Reproduce, exactly and in full, the lines from the one with "bedroom with dark" through the one with "AAD 91763 Two" in the data below; drop pictures.

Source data
* * * *

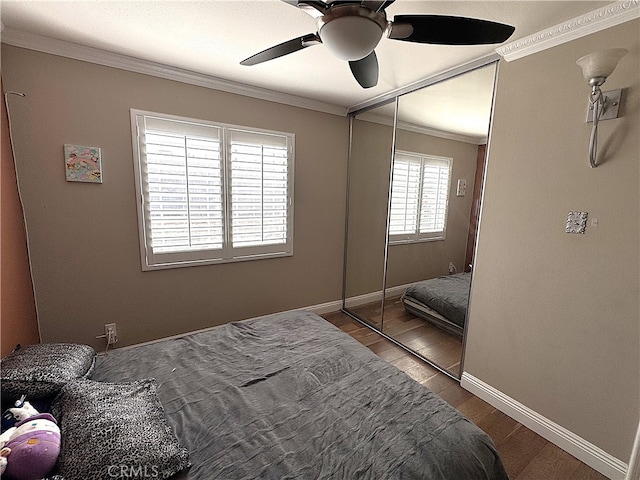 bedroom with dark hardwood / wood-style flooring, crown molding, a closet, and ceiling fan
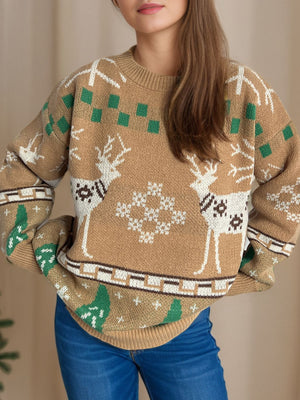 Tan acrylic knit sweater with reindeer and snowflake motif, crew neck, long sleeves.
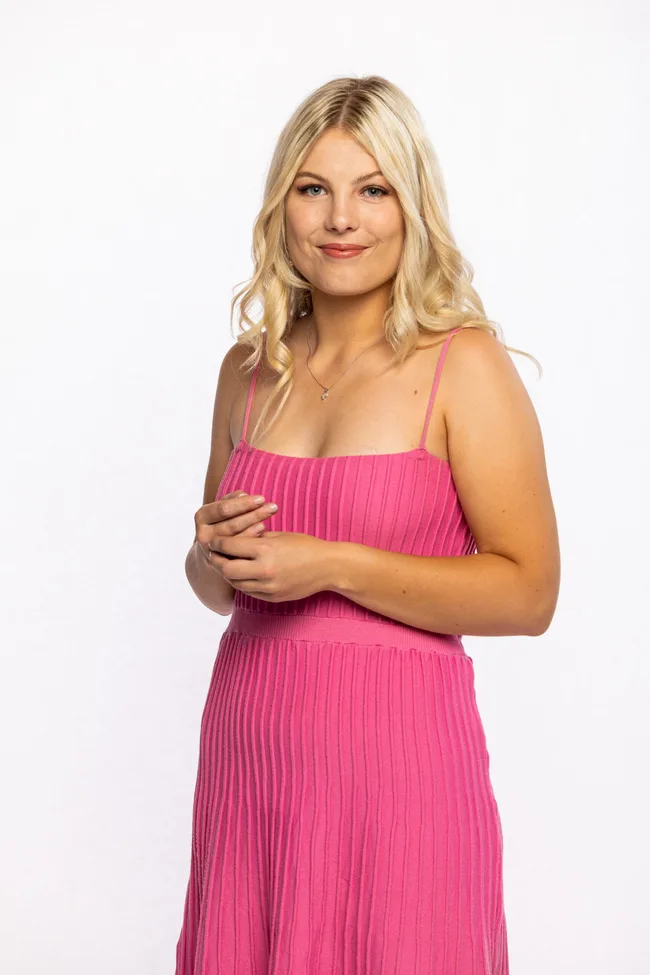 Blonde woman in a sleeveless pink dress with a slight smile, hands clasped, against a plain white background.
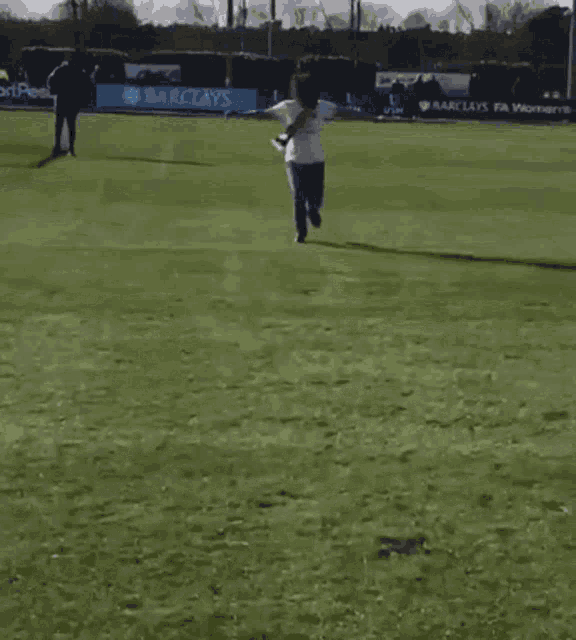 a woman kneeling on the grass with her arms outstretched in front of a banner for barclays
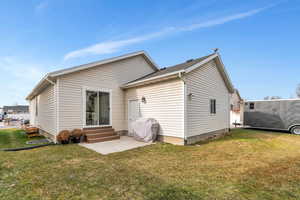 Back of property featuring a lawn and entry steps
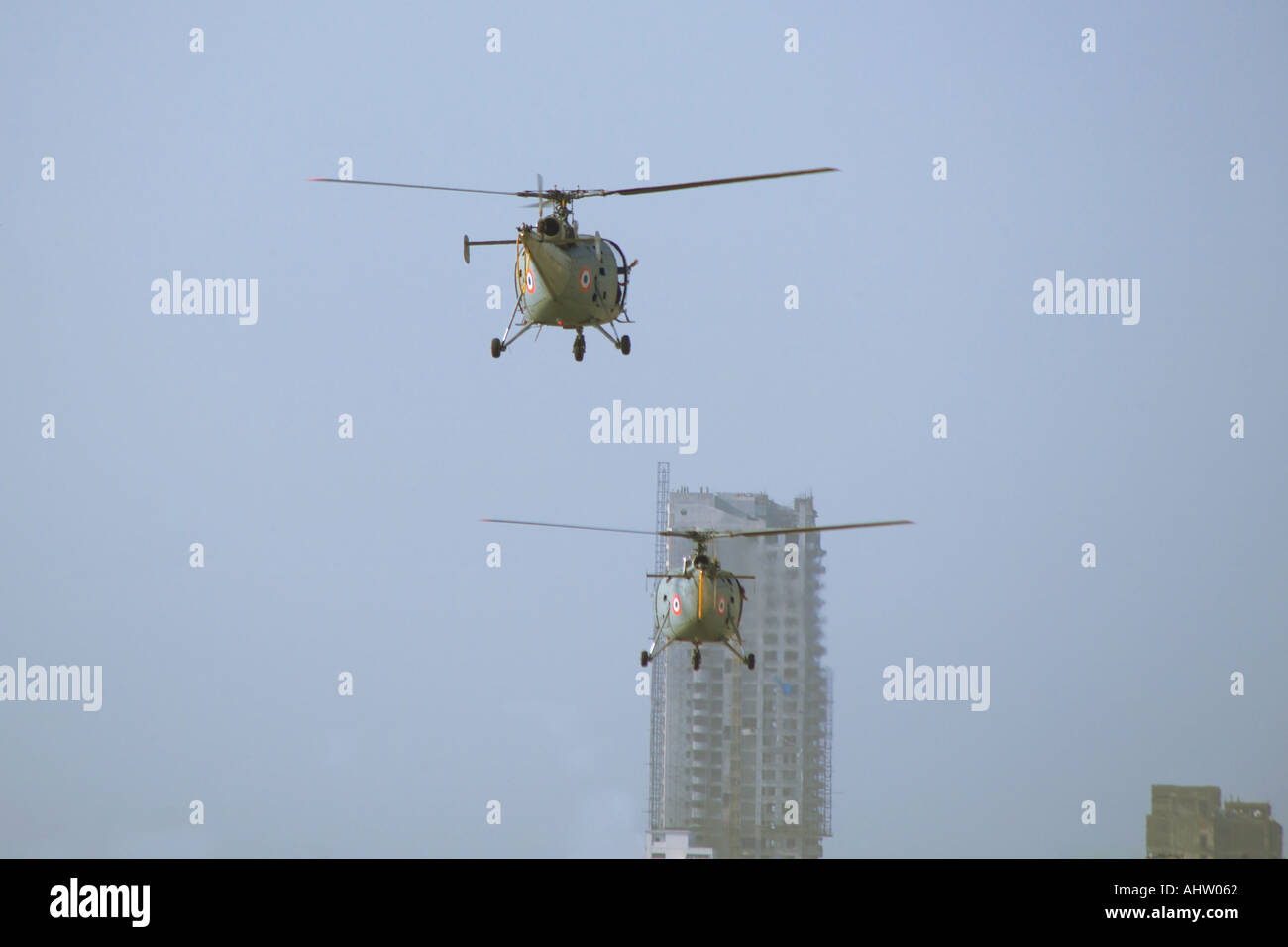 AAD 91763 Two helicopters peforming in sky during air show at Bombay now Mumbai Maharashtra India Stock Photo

* * * *

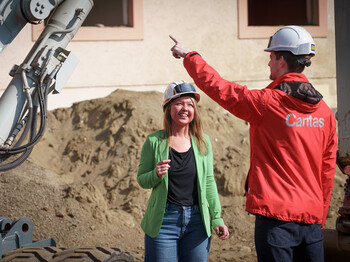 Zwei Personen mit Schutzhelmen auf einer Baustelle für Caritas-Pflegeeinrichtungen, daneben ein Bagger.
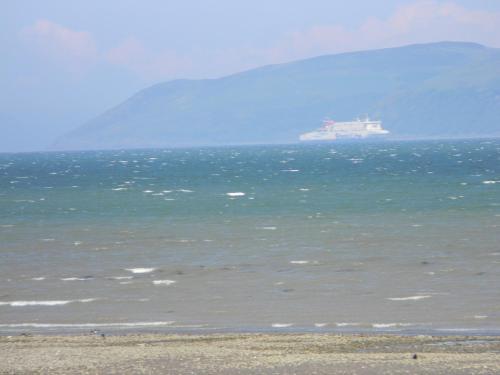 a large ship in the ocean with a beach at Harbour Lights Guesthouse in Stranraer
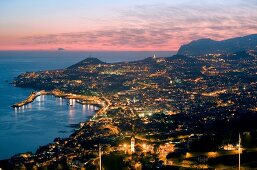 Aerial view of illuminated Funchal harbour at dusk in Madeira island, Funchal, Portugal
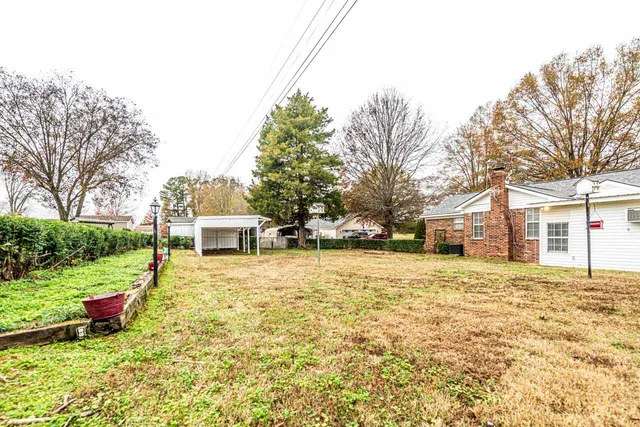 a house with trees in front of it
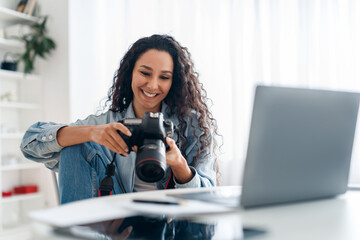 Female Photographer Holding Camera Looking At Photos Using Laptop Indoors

* * * *

** Solved problem **
 bedroom with dark hardwood / wood-style flooring, crown molding, a closet, and ceiling fan
 Tan acrylic knit sweater with reindeer and snowflake motif, crew neck, long sleeves.
 Blonde woman in a sleeveless pink dress with a slight smile, hands clasped, against a plain white background.
 a woman kneeling on the grass with her arms outstretched in front of a banner for barclays
 Back of property featuring a lawn and entry steps
 AAD 91763 Two helicopters peforming in sky during air show at Bombay now Mumbai Maharashtra India Stock Photo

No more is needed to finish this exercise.